- Gold bugs insist that gold is the ultimate inflation hedge – keeping as much as their entire portfolio in gold bullion.
- Today, Alexander Green explains why you should start investing in stocks if you truly want to beat inflation.
Earlier this month, I was scheduled to deliver a talk at FreedomFest in Las Vegas.
Unfortunately, thanks to a travel mix-up, I was unable to deliver it. (Although I did get to express my views on a number of panels at the conference.)
The topic: Is gold or stocks the superior long-term investment?
If you’re a long-term reader of this e-letter, you already know the answer.
Nothing matches the long-term returns generated by a diversified portfolio of common stocks. (Or better still, uncommonly good stocks.)
Yet FreedomFest attracts a lot of hard-money types. Attendees often tell me they have 50%… 75%… or their entire portfolio in gold.
That’s just nuts.
Don’t get me wrong. I own a collection of gold bullion coins myself. (Sometimes I even get them out and look at them.)
And The Oxford Club recommends that Members have 5% of their total liquid portfolio in blue chip gold mining shares.
(Unlike gold bullion – which is not a productive asset – gold mining companies can increase returns by lowering costs, increasing production or improving efficiencies.)
Yet some insist that gold itself is the ultimate inflation hedge.
It is a hedge. But it’s not the best, not by a long shot.
I’ll prove it to you by showing you the chart that gold bugs love – and then the one that blows their minds.
Let’s start with the one they love:
Compiled by Jeremy J. Siegel, Ph.D., of the Wharton School – and extended by my research team to include the last few years – it shows the inflation-adjusted value of gold versus the dollar from 1802 through 2018, a period that includes expansions, recessions, depressions, financial panics and wars.
Thanks to inflation, the real purchasing power of a paper dollar – held, say, in a safe-deposit bank – declined to just $0.046.
That’s pretty sad – and a good reason to get those greenbacks out from under the mattress.
Yet the inflation-adjusted value of $1 of gold at the end of 2018 was $3.21.
You can see that gold has more than held its own against the ravages of inflation. In fact, it’s worth more than three times as much.
If I were given a choice between holding paper currency or gold bullion over the next 20 or 30 years, I wouldn’t furrow my brow for long. I’d choose gold.
However, you have more choices today than just paper currency or gold. You can, for instance, put your money in Treasury bills, bonds or a diversified portfolio of stocks.
That takes me to the graph that gold bugs hate…
It, too, is based on data rigorously compiled by Siegel and extended by my research team.

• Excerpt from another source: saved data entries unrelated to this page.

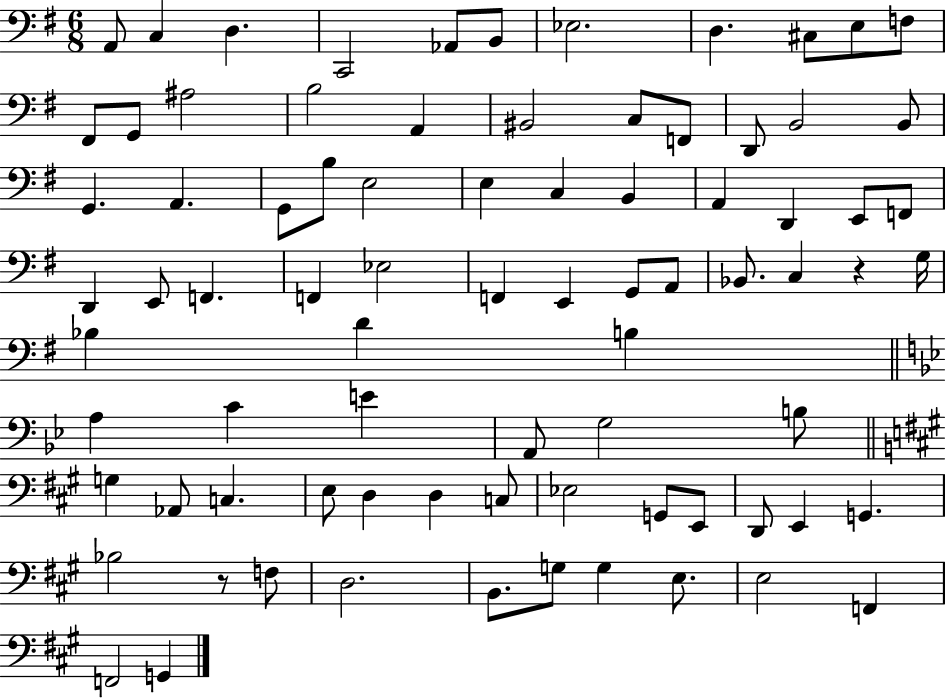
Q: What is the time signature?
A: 6/8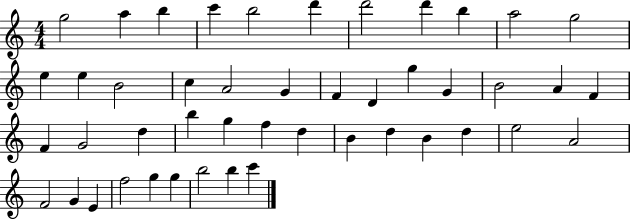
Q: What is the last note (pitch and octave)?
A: C6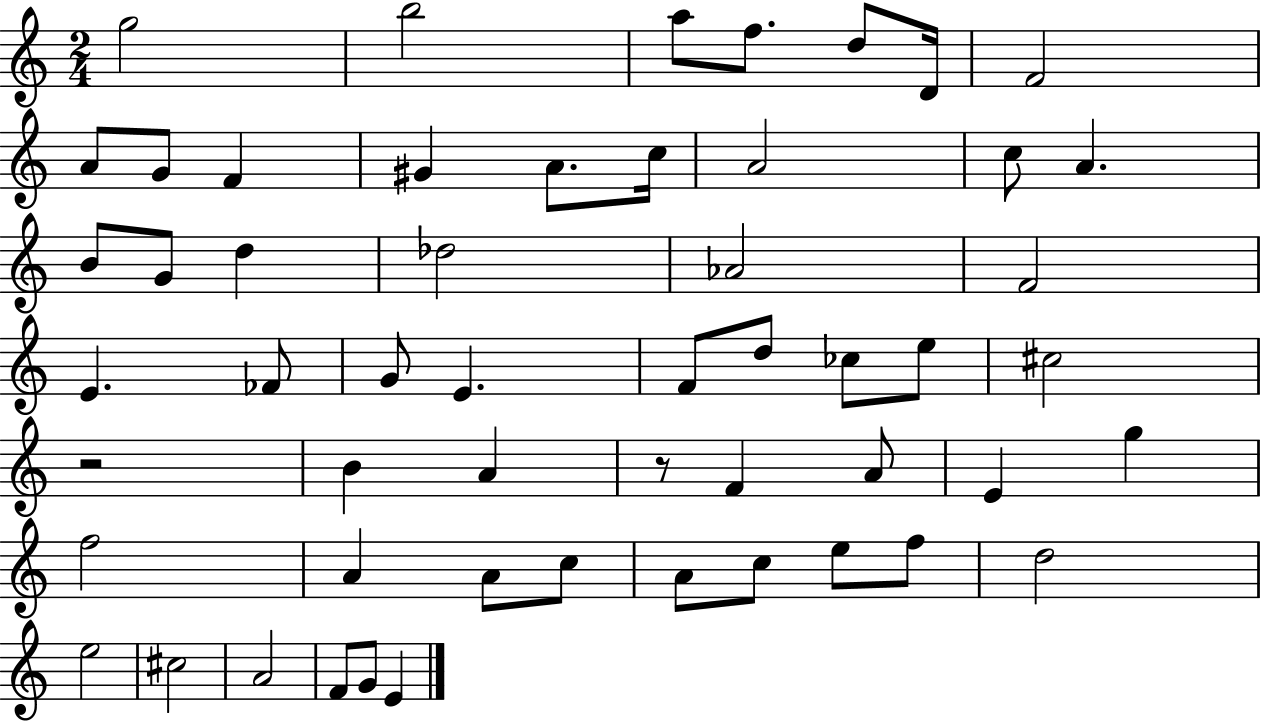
G5/h B5/h A5/e F5/e. D5/e D4/s F4/h A4/e G4/e F4/q G#4/q A4/e. C5/s A4/h C5/e A4/q. B4/e G4/e D5/q Db5/h Ab4/h F4/h E4/q. FES4/e G4/e E4/q. F4/e D5/e CES5/e E5/e C#5/h R/h B4/q A4/q R/e F4/q A4/e E4/q G5/q F5/h A4/q A4/e C5/e A4/e C5/e E5/e F5/e D5/h E5/h C#5/h A4/h F4/e G4/e E4/q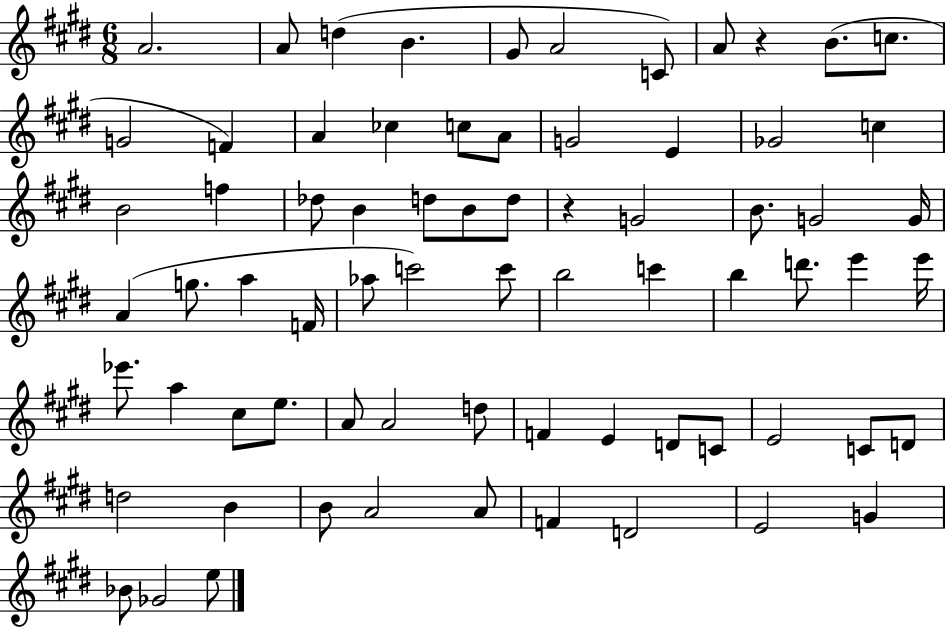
{
  \clef treble
  \numericTimeSignature
  \time 6/8
  \key e \major
  a'2. | a'8 d''4( b'4. | gis'8 a'2 c'8) | a'8 r4 b'8.( c''8. | \break g'2 f'4) | a'4 ces''4 c''8 a'8 | g'2 e'4 | ges'2 c''4 | \break b'2 f''4 | des''8 b'4 d''8 b'8 d''8 | r4 g'2 | b'8. g'2 g'16 | \break a'4( g''8. a''4 f'16 | aes''8 c'''2) c'''8 | b''2 c'''4 | b''4 d'''8. e'''4 e'''16 | \break ees'''8. a''4 cis''8 e''8. | a'8 a'2 d''8 | f'4 e'4 d'8 c'8 | e'2 c'8 d'8 | \break d''2 b'4 | b'8 a'2 a'8 | f'4 d'2 | e'2 g'4 | \break bes'8 ges'2 e''8 | \bar "|."
}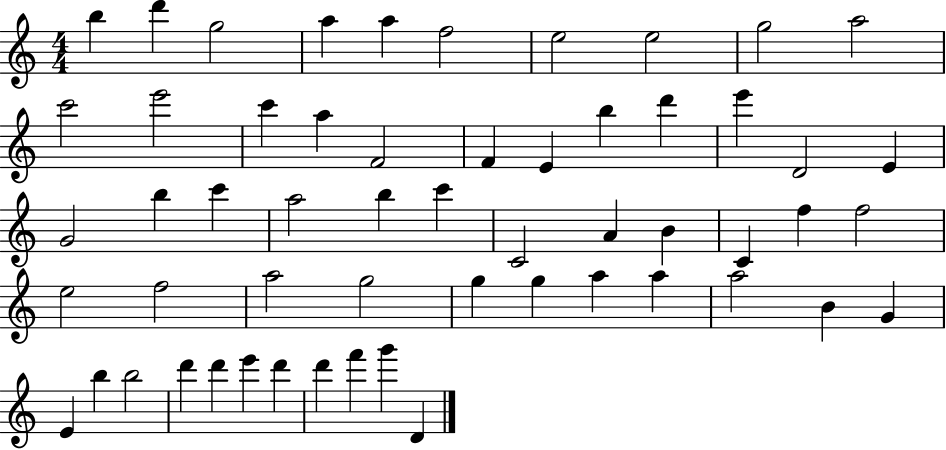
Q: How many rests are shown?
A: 0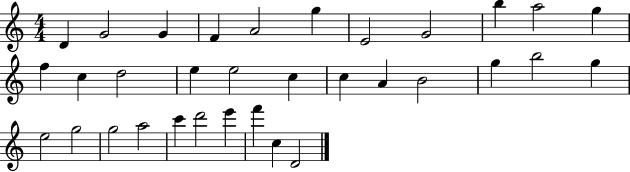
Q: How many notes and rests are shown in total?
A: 33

The bottom two lines – the dollar and gold – are identical to the first chart.
But this graph also shows what would have happened if an investor held T-bills and rolled them over when they came due, or held bonds and reinvested the interest payments, or held a diversified portfolio of stocks and reinvested the dividends.
As you can see, a single dollar invested in T-bills in 1802 and continually rolled over grew to $267.73 in inflation-adjusted terms. That’s much better than the return on gold over the period.
A dollar invested in bonds with interest payments reinvested turned into $1,393.40 in inflation-adjusted terms.
And a dollar invested in common stocks with dividends reinvested turned into – trumpets, please – more than $1.39 million in inflation-adjusted terms.
Gold is the ultimate inflation hedge? Hardly.
Yes, it’s rallied handsomely this year. But it’s well below the high of $1,917.90 an ounce that it hit eight years ago. In fact, it hasn’t kept up with inflation over the last 40 years.
Remember, gold hit $850 an ounce in 1980.
Incidentally, we don’t have data on stocks going back more than a couple hundred years. But we have records on gold going back thousands of years.
And the story is the same. Gold holds its value. Paper currencies do not.
That’s why – for a long time – gold was money.
However, gold hasn’t done much more than hold its value since the dawn of civilization.
That’s why when gold bugs tell me the metal is overdue for a rally, I say, “Yeah, a couple thousand years overdue.”
You’d think a chart like the one above would change people’s minds.
Yet, in my experience, talking to real, dyed-in-the-wool hard-money types about the superiority of stocks is like talking to ardent socialists about the superiority of capitalism.
Marshal all the arguments you want. But don’t expect many converts.